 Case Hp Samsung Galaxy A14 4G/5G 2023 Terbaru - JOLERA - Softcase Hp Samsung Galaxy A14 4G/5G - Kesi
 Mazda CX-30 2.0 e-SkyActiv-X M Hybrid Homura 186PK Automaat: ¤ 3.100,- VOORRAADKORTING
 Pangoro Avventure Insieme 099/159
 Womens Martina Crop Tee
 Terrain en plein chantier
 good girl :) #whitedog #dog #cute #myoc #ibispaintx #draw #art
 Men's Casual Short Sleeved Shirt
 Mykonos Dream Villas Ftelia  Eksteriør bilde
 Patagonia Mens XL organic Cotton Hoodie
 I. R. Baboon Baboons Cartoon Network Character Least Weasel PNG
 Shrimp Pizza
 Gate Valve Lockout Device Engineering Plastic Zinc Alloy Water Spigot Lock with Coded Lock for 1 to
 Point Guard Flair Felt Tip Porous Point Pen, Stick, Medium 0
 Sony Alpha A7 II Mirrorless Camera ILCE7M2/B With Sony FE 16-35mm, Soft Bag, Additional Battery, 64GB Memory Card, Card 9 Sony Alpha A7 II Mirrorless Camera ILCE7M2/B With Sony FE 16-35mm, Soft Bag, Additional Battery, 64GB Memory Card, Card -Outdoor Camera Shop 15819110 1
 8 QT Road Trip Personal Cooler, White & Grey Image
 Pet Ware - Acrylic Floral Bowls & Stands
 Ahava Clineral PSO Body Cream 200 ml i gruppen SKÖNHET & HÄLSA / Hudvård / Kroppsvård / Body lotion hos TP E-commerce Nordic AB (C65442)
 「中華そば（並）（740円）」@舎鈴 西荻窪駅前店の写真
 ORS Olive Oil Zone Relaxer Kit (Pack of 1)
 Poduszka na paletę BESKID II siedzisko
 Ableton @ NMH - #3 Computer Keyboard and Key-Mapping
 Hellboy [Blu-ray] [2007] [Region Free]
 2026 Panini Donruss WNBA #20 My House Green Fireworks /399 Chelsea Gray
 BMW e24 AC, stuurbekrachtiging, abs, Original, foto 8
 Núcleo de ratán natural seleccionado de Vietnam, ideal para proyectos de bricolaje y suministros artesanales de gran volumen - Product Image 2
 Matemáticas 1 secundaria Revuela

+++

EXERCISE AIM
In the listing above, how many lines hold the word "Image"? Please state the number alone.

SOLUTION FOR THIS PROBLEM
2